No Colégio Móbile, além da participação voluntária dos estudantes do Ensino Médio e dos pais no EJA, seus colegas do 8º e 9º ano atuam como monitores no Projeto Sou Digital, recebendo crianças da Associação Gotas de Flor com Amor para aulas de informática. “São exercícios de convivência e uma oportunidade de desenvolver a solidariedade, o respeito e a colaboração”, diz Antônio de Freitas da Corte, lembrando que também os alunos do Móbile aprendem algumas práticas com a Associação, como a reciclagem de materiais. Esses projetos integram a Ação Comunitária do Móbile, que possui outras frentes de trabalho e “vem de encontro à proposta pedagógica da escola”.
Um formato um pouco diferenciado é proposto pelo Colégio Madre Paula Montalt, que hoje envolve 120 alunos do 9º ano e do Ensino Médio em três frentes de trabalho: o Cantinho Que Encontrei, um abrigo para crianças abandonadas; o “Sopão”, realizado em conjunto com a paróquia do bairro e moradoras voluntárias e que oferece um jantar diário à população carente da região; e o Nossa Turma, programa sócio-educativo com crianças carentes bancado pela Ceagesp. Escolhendo um dos locais para atuarem, sempre acompanhados por professores, os estudantes têm que cumprir 12 horas por trimestre, recebendo, ao final, três pontos extras na média.
“Isso é insignificante em uma escala de zero a 100”, pondera Gonzalo, que acredita, no entanto, que a recompensa possa ser extinta em breve. Segundo ele, a estratégia vinha sendo adotada como um atrativo para os estudantes, uma espécie de impulso inicial “para vencer barreiras e preconceitos”, uma vez que se convive hoje com “a geração aquário, que olha tudo através do vidro, da tevê, da janela do carro, sem contato direto com a realidade”. “Nesse contexto, ela não tem noção da gratuidade e olha o diferente como agressor”. Ao final do trabalho, acrescenta Gonzalo, “eles percebem que o ganho é muito maior que os três pontos”. “É uma janela de experiência de vida que se abre para eles.”
Sua colega e professora de Ensino Religioso, Anunziata Izabel Marques Lopes, precursora do trabalho social na escola, defende o voluntariado pleno.

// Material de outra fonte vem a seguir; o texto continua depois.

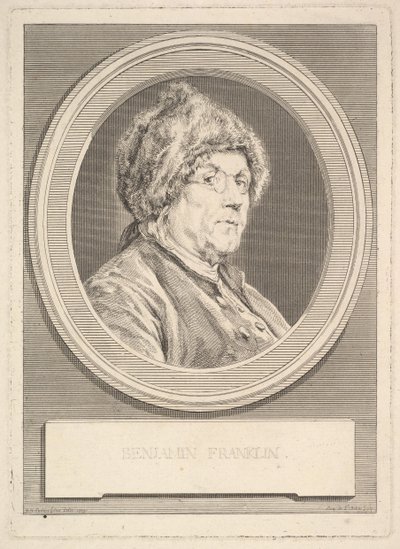Portræt af Benjamin Franklin, 1777. af Augustin de Saint Aubin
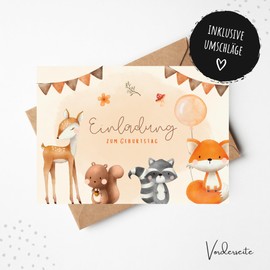 MeinBaby123® 10 Invitation Cards Children's Birthday Boys and Girls Birthday Invitations for Children Forest Animals Includes 10 Envelopes Premium Quality (Cute Animals V1)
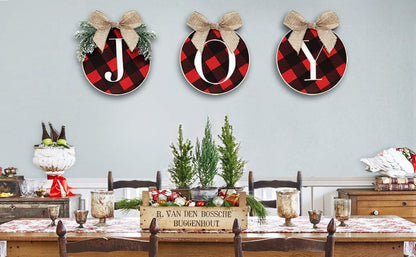 Christmas Wreath with Joy Sign | Buffalo Plaid Xmas Wreath Decoration for Door, Window, Wall | Indoor & Outdoor Holiday Décor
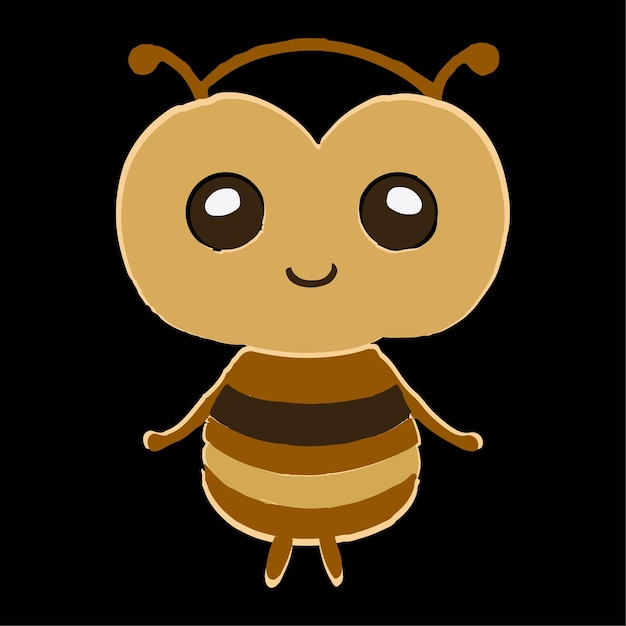 Cartoon cute bee flying Vector illustration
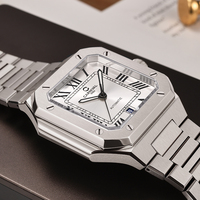 Montre mécanique de luxe carrée rouge pour homme de la marque CARNIVAL, en acier inoxydable, lumineuse, résistante à l'eau 50M, aiguilles 42mm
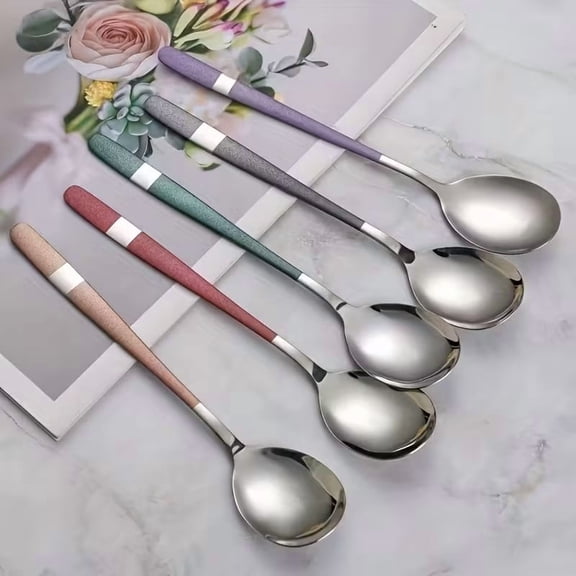 5pc Stainless Steel Long Handle Spoon Set - Rust-Proof Dinner Spoons for Family Gatherings, Restaurants, and Everyday Use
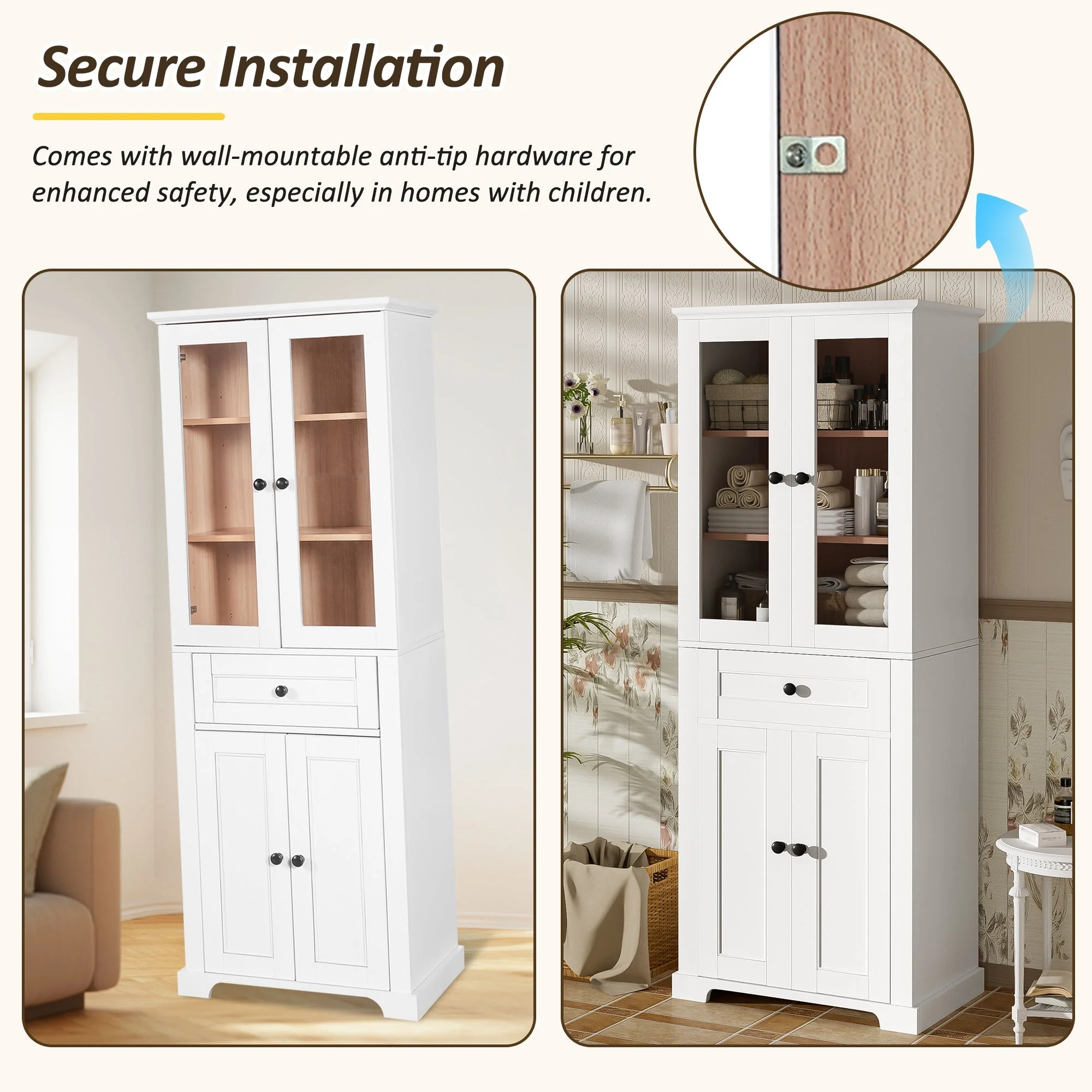 67.2' Tall Bathroom Storage Cabinet - Image 6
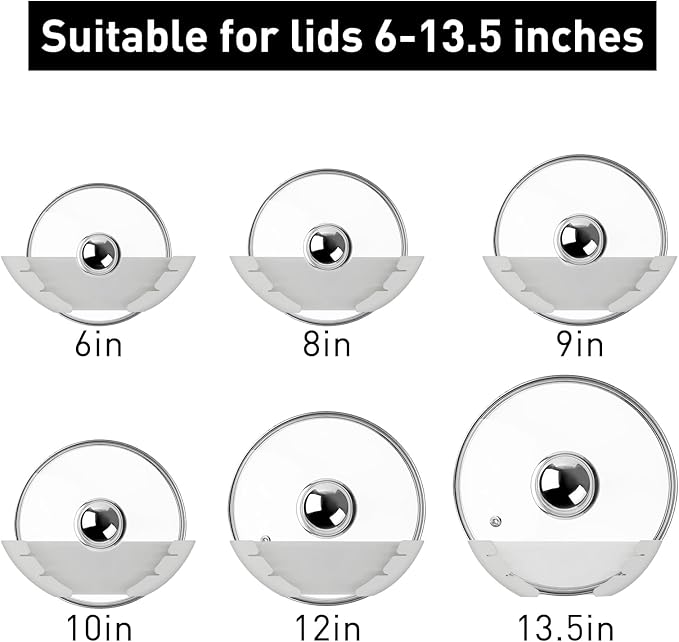Universal Pot Lid Organizer for Cabinet, Fits 6" to 13.5" - Image 5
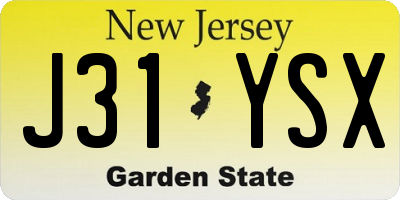 NJ license plate J31YSX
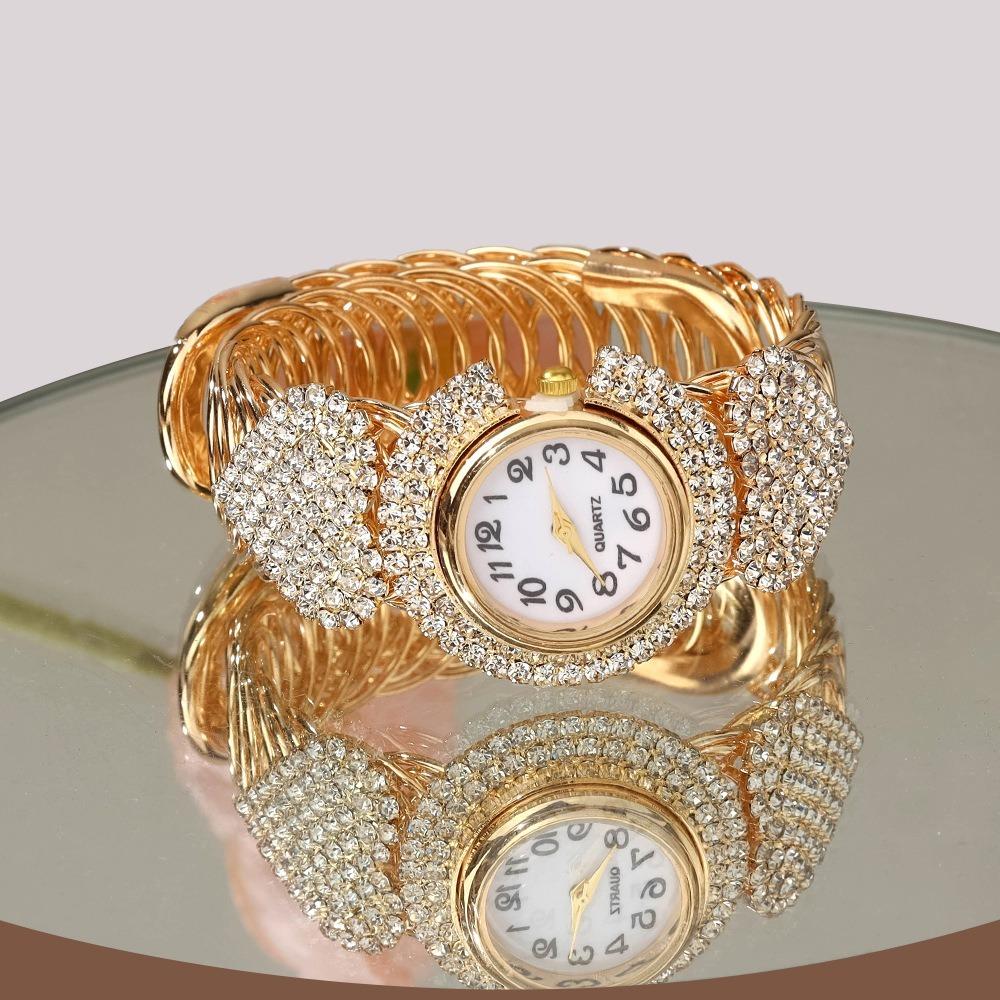Elegant Quartz Zircon Wrist Watch Clock Open Bangle Watches Personality Crystal Watches Women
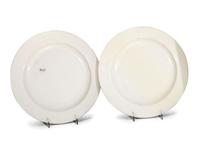 A Pair Creamware 'William of Orange' Plates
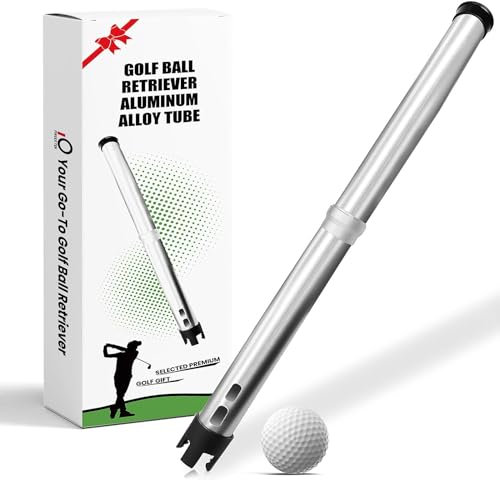 LOVMEAD Golfball Shagger Rohr Aluminium Clikka mit Geschenkbox, Golfballpicker Shag Tube Golfball Aufnehmer Golfball Sammler Grabber Holder 23 Bälle Halten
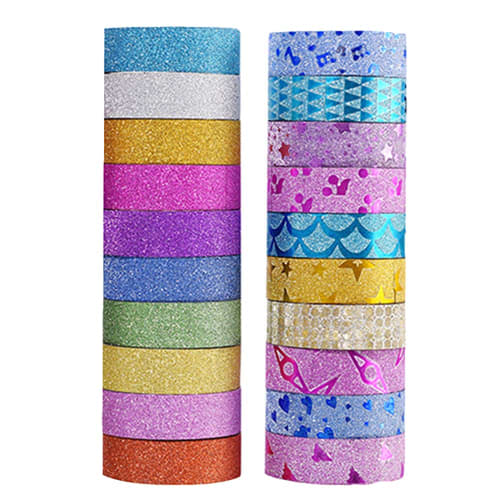 MYLCHBDJ Masking Tape Glitter Tape Cute Paper Tape Set Decorative Tape for DIY Scrapbooking Cards Gift Wrapping 15mm Width (Colorful) 20 Rolls 20 Colo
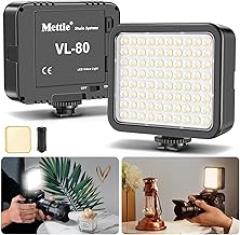 Mettlelite VL80 LED Video Light Kit Portable Continuous on Camera Photography Lighting Ultra Bright with Mini Tripod & Color Filters for Streaming Video Conferencing Gaming TikTok Vlogging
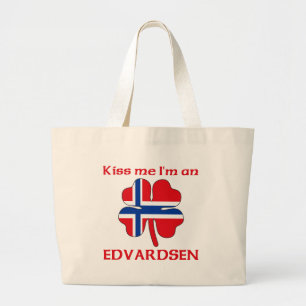 Personalised Norwegian Kiss Me I'm Edvardsen Large Tote Bag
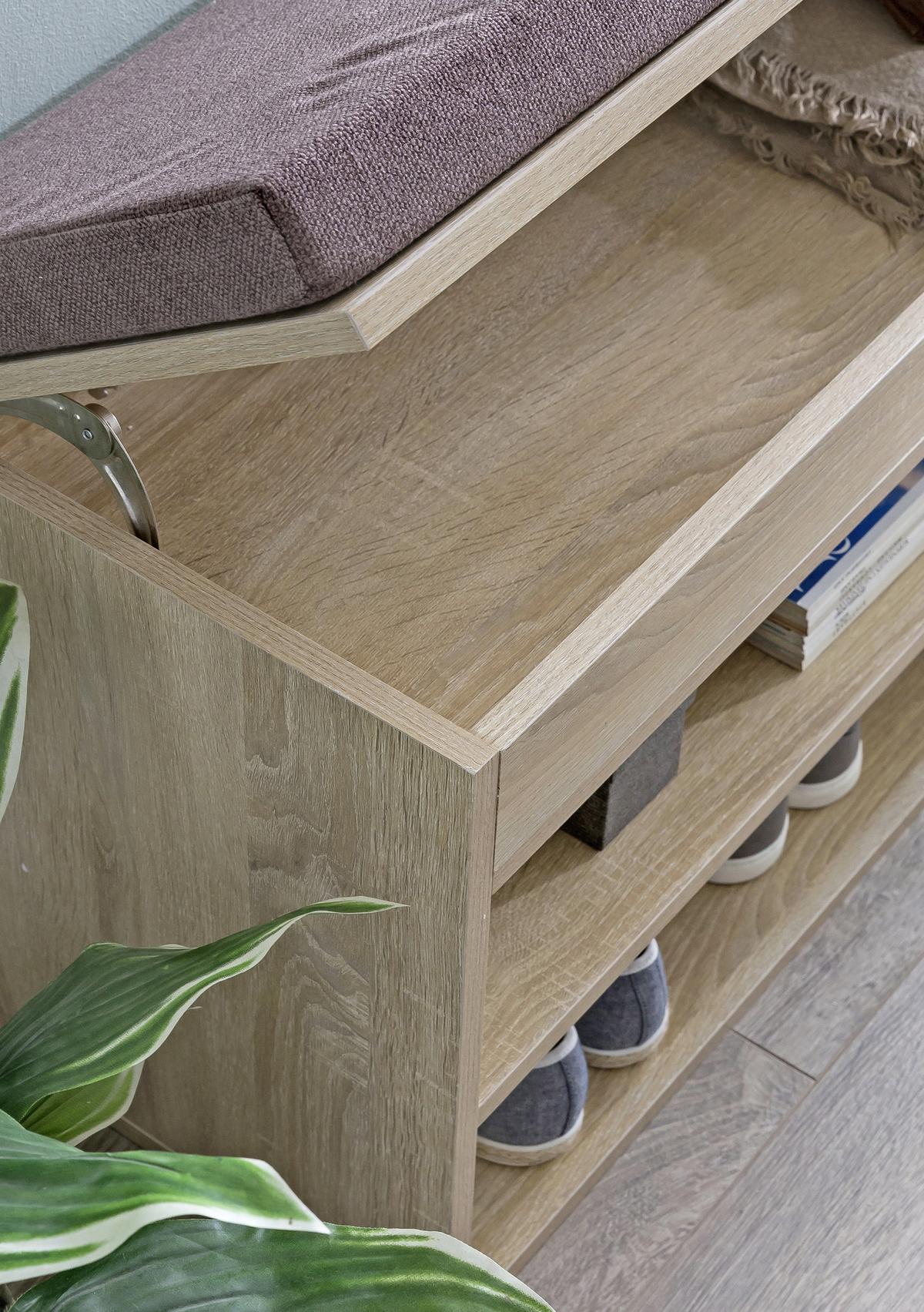 Klop S Prostorom Za Čevlje Wl5.344 - hrast sonoma/rjava, Konvencionalno, tekstil/leseni material (104/51/32cm) - MID.YOU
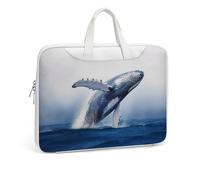 Blue Ocean Whale Printed Leather Shoulder Messenger Bag Briefcase for Men Women Travel Business Office Hangbag Laptop Pack Crossbody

Anunziata começou voluntariamente no Cantinho há 18 anos, com o tempo atraiu o interesse de alunos do Ensino Médio para o local, ajudou a desencadear outras ações entre professores e estudantes, até que de três anos para cá viu isso se tornar parte de uma ação institucionalizada da mantenedora. Atualmente, o colégio oferece suporte e remuneração para que os professores realizem os trabalhos. Os demais estudantes são envolvidos por meio de campanhas de arrecadação, muitas delas organizadas pelo grêmio, e todo o processo é avaliado nas reuniões do Conselho, diz Gonzalo.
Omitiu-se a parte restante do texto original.